Service for firewalling graphite metrics

hadrianus

Hadrianus

Block incoming graphite metrics if they come in too fast for downstream carbon-relay/carbon-cache to handle.

Building

Hadrianus is written in Go so all you need is: go build

As a convenience there's a small Makefile. To build:

  • make all <- Generates a Linux amd64 executable
  • make all-mac <- Generates a Darwin amd64 executable

Usage

Basic usage

hadrianus listeningport outport1...

  • listeningport is the port number for listening to incoming newline delimited graphite protocol messages.
  • outport1 denotes the first (out of possibly many) output ports for carbon-relay process instances. Metrics will be distributed to the destinations in a "round robin" fashion.

Options

  • -cleanupmaxage Maximum time in seconds since last message before metric path is removed from memory.
  • -cleanuptimegranularity Seconds between memory cleanup events (default 601)
  • -enablenewmetrics Initially enable new metrics and block them later if needed.
  • -maxdrymessages Maximum allowed consecutive identical values before marking metric as stale.
  • -minimumtimeinterval Minimum allowed time interval between incoming metrics in seconds.

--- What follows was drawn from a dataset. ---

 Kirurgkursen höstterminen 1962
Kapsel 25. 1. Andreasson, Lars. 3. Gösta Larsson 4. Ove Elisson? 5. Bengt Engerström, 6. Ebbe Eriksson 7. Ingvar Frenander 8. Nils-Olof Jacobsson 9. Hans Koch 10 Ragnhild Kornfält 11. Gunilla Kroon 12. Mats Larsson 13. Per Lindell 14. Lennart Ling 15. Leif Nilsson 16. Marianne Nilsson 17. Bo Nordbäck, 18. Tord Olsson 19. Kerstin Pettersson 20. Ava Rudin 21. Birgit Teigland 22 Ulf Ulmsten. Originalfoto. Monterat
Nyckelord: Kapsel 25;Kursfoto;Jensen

Lower values makes hadrianus more "generous" in how often applications may send a specific metric.
  • -mirrordestination Secondary destination(s) to mirror traffic to.
  • -override Filename for per-path override file that allows allowlisting.
  • -staleresendinterval Time after which stale messages are resent in seconds.
  • -statstimegranularity Time between statistics messages in seconds.
  • -tertiarydestination Tertiary destination(s) to mirror traffic to.

What

A newline delimited graphite message works like this: metric_path value timestamp\n. The number of messages can be limited per metric path for a time period. For example, setting a timelimit of 60 would result in a message only being transmitted once per minute, or more seldom.

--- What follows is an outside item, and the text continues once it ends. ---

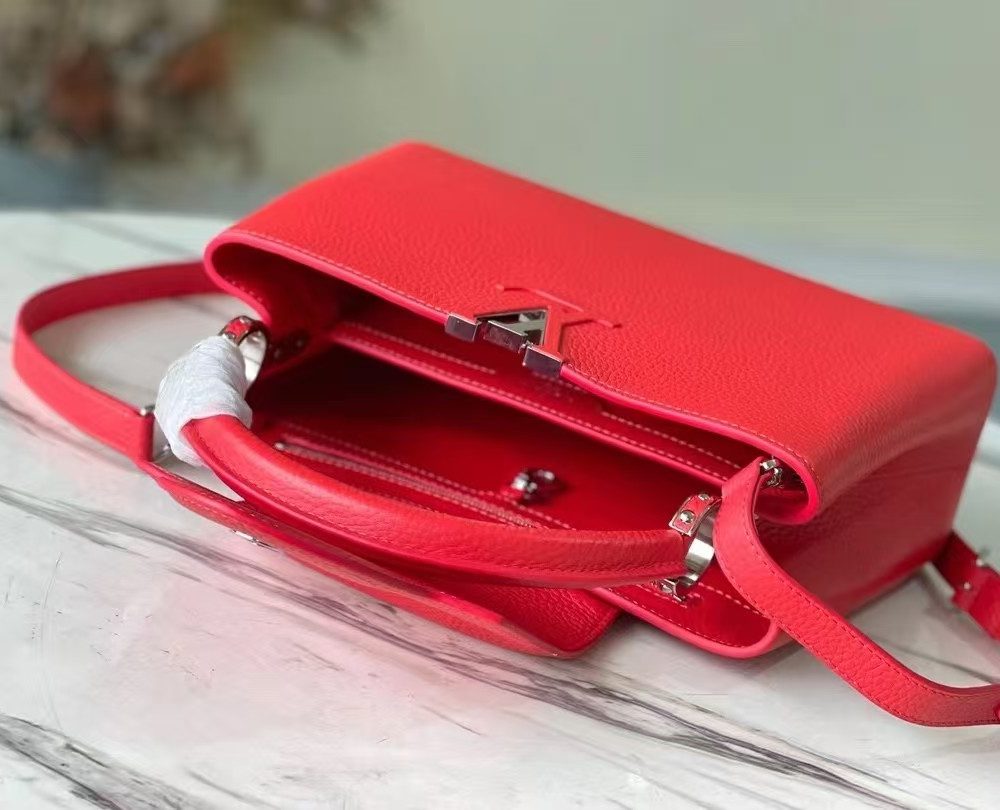 AAA Replica Louis Vuitton LV Capucines BB Taurillon Scarlet Red M52689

This can be useful to increase stability and reliability if you have applications producing more messages than the graphite/carbon system can handle.

Example commandline usage

Typical usage

hadrianus -minimumtimeinterval=14 2003 2103 2203 server01.iambk.com:2303

Tell hadrianus to discard unique metric paths that arrive sooner than or equal to every 14 seconds. It will listen for plaintext graphite messages on port 2003. It will attempt to distribute the incoming messages to 127.0.0.1:2103, 127.0.0.1:2203 and server01.iambk.com:2303 in a round-robin fashion.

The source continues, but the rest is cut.